Finalmente, alcancé un lugar donde otros chinos esperaban un carro que nos acercaba hasta la salida donde estaba el autobús, que eran 6 km más. Estaba medio salvada, sólo quedaba encontrar el hostal.
Los chinos en el carro se ponen a cantar. Los chinos son muy cantarines, les gusta añadir música a la naturaleza y así lo disfrutan más. A mí, la naturaleza me parece que no necesita nada, ya es perfecta. La ciudad sí que necesita música. Pues eso, que no se conocían, y empiezan a cantar canciones folk chinas. Oigan, super bonito, unos coros, unos gorgoritos, parecía que hubieran estado ensayando meses juntos... Un paseo encantador en el carro. Cuando uno acababa de cantar, señalaba a otro, y el otro tenía que cantar otra canción. A cuál mejor. Todos parecían cantantes profesionales a mis oídos. No sé, me sentía más muerta que viva, aturdida por la altitud, la belleza... Cuando de pronto todos dan palmas y dicen: "¡Qué cante! ¡Qué cante la extranjera! ¡Eso! ¡Qué cante la extranjera!". No puede ser. Qué marrón. Si yo no sé cantar. No me sé ninguna canción. No canto ni en la ducha. Ni una sola vez he cantado en el karaoke en China en siete años. "¡Qué cante, qué cante!". Bueno, pues canto la única canción que me sé, así casi sin voz: "El árbol de la montaña, uo, ia, o, el árbol de la montaña uo, ia, o...". Se hace un silencio sepulcral. Todos los chinos se han convertido en estatuas de sal. No se pueden creer lo fea que es mi canción y lo mal que la canto. Querían que cantase, pues ahí tienen su merecido. Muchos segundos después de que haya acabado la canción, aplauden con vehemencia. Y me dicen: "Oye, tú qué valiente eres". "Pues sí que lo soy". Y me piden raudos el wechat, y no me piden un autógrafo porque no tienen un boli a mano... 

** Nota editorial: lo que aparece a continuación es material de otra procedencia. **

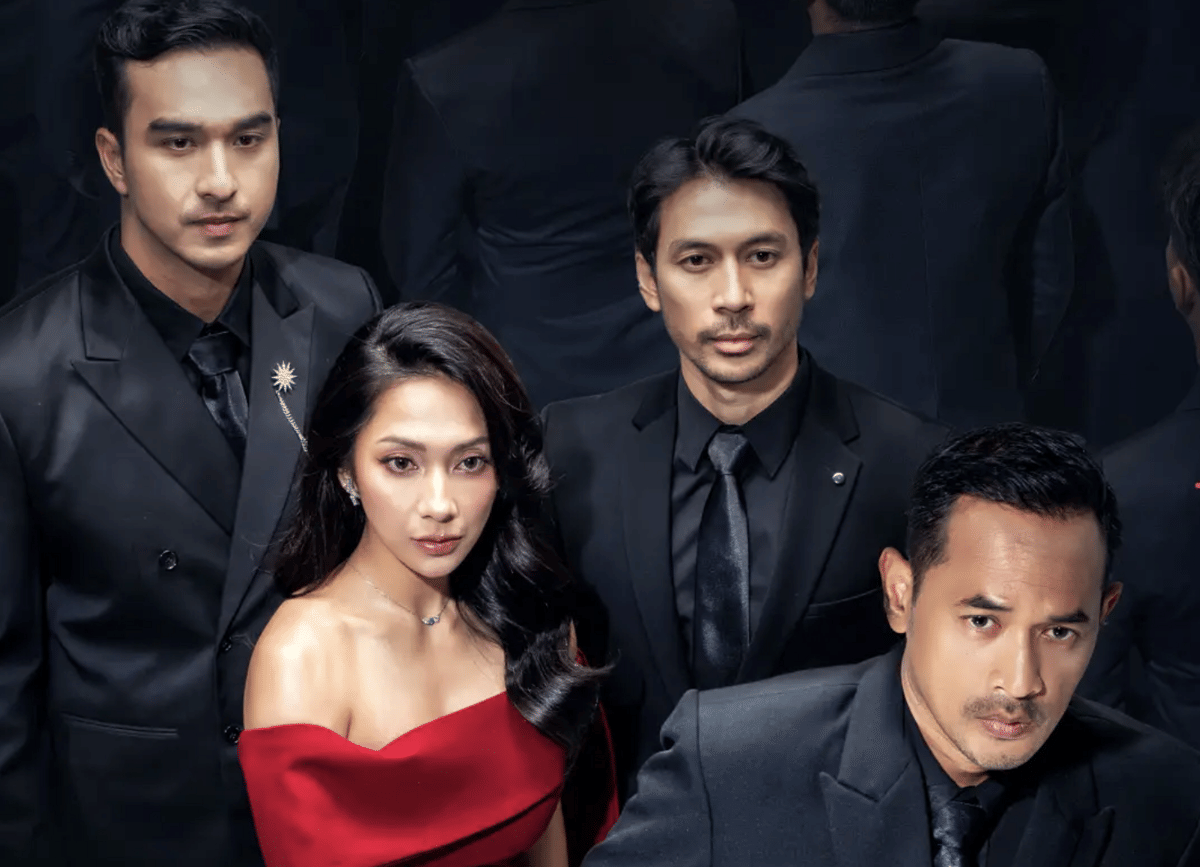 Jadwal Tayang dan Pemeran Wajah Cinta yang Lain, Sinetron Baru!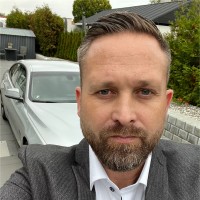 Christoffer Obel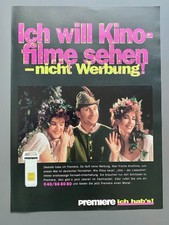 Premiere Otto - der Liebesfilm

"No tengo wechat". Se les ponen las cejas en el cogote: "¿Qué no tienes wechat?". "No". "Pues danos tu whatsapp". "Tampoco tengo". Se miran confundidos. "No tengo smartphone". Se hace un silencio helador, se miran atónitos. Si les hubiera dicho que tengo la lepra, no se hubieran quedado más petrificados. Me dicen: "Bueno, pues danos el Facebook". "Tampoco tengo. Pero tengo un blog". Qué situación tan incómoda para ellos. Compartir el carro con un ser tan extraño. Hacen como que no pasa nada, y cuando llegamos a destino, aligeran el paso deseando no tener que volver a conversar conmigo. Qué bien, me he deshecho de ellos.